Variação da apuração não comprova fraude, dizem especialistas – Mais Brasília
FolhaPress

Variação da apuração não comprova fraude, dizem especialistas

"Um candidato sair na frente, não significa que resultado está consolidado", diz Cláudia Eirado

Após três anos falando em fraudes nas eleições e mais de um ano depois de dizer que poderia comprovar as acusações, Bolsonaro voltou atrás e admitiu que não tinha nenhuma prova, só indícios.

A reportagem consultou especialistas em áreas como economia, estatística e física, e todos foram categóricos em afirmar que as suposições levantadas por Bolsonaro sobre a apuração ter variado não fazem sentido.

Na live, Bolsonaro colocou sob suspeita os resultados da apuração de três pleitos. Um deles, do 2º turno de 2014, entre Dilma Rousseff (PT) e Aécio Neves (PSDB). Para ele, a queda de Aécio, que nos primeiros minutos da apuração tinha 67,7% dos votos, só pode ser explicada por fraude. Ele terminou com 48,36%.

Bolsonaro usou também a variação de seus percentuais durante a apuração do 1º turno em 2018 como indicativo de fraude. Ele chegou a ter 49% dos votos quando as parciais começaram a ser divulgadas, por volta das 19h. Ele terminou com 46,03% dos votos.

Já no 1º turno da disputa para a Prefeitura de São Paulo, em 2020, ele considera indicativo de fraude que os percentuais de cada candidato durante o início da apuração eram praticamente os mesmos que os resultados finais.

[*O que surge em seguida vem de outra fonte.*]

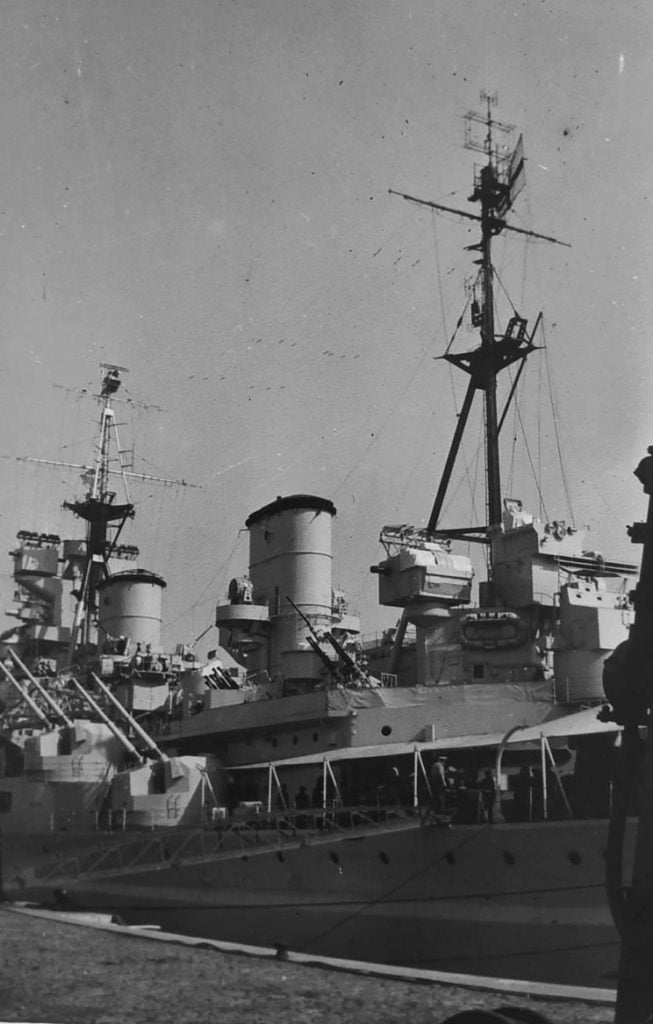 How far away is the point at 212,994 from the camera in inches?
223

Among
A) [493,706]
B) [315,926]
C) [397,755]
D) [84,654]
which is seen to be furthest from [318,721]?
[84,654]

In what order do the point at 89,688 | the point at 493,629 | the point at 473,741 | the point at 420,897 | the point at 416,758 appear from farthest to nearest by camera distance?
the point at 89,688 < the point at 493,629 < the point at 473,741 < the point at 416,758 < the point at 420,897

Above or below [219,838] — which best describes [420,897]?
below

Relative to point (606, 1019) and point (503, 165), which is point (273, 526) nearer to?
point (503, 165)

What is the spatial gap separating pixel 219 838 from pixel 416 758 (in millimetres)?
4622

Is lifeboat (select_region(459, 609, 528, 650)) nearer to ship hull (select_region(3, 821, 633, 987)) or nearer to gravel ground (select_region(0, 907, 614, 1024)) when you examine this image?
ship hull (select_region(3, 821, 633, 987))

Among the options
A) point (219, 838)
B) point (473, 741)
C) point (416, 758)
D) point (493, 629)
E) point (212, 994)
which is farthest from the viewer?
point (493, 629)

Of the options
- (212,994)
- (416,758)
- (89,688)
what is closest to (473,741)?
(416,758)

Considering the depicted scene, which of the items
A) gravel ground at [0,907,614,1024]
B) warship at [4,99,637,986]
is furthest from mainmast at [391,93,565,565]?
gravel ground at [0,907,614,1024]

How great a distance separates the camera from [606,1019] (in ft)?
16.4

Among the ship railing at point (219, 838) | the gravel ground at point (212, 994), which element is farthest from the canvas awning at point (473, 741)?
the gravel ground at point (212, 994)

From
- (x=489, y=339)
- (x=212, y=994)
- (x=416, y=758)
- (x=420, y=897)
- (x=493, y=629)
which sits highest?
(x=489, y=339)

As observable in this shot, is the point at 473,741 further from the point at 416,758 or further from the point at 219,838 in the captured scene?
the point at 219,838

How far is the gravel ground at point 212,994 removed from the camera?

Claudia Eirado, doutoranda em economia e mestre em estatística e probabilidade pela UnB (Universidade de Brasília), dá um exemplo de como retratos da apuração não representam o total da amostra.

Ela pede para se considerar um saco com 100 bolas, sendo metade (50%) das bolas verdes e a outra metade vermelha. Se uma pessoa tirar dez bolas do saco e, dessa amostra, seis bolas (60%) forem verdes e quatro (40%) vermelhas, explica que não é possível dizer que 60% das bolas do grupo total são verdes.

“Não se pode inferir, a partir da primeira amostra, que existem 60 bolas verdes e 40 bolas vermelhas. Esse raciocínio é falso”, diz. “Um candidato sair na frente não significa que o resultado está consolidado. Se fosse assim, nem seria necessário apurar todos os votos.”

A variação nesses percentuais ao longo da apuração não indica fraudes ou irregularidades e ocorre principalmente pela variação no fluxo de envio de dados –o Brasil é um país continental– e também pela diversidade de perfil de votação nas regiões do país.

Manoel Galdino, cientista de dados com formação em economia e doutorado em ciência política pela USP, explica que Bolsonaro desconsidera o contexto e os demais dados para fortalecer sua narrativa.

“Se você já tem uma teoria em que acredita e a única coisa que quer é procurar na realidade fatos que pareçam corroborar a teoria, você vai achar”, afirma. “Mas não é assim que se testa uma teoria. Você faz um teste em que aleatoriza, faz uma análise rigorosa dos dados e vai ver que não funciona.”

“Ele pega, por exemplo, o momento em que ele [Bolsonaro] está na frente e que o Sudeste tem pouco mais de 10% dos votos [apurados], mas por que ele não pegou o momento quando tinha 20% das urnas apuradas ou 1% das urnas apuradas, em que o Haddad estaria um pouquinho à frente?”.

De acordo com o estatístico Gauss Cordeiro, professor da UFPE (Universidade Federal de Pernambuco), a variação da apuração oscila não só a depender de quão acirrada é a disputa, mas também a depender das diferenças entre regiões.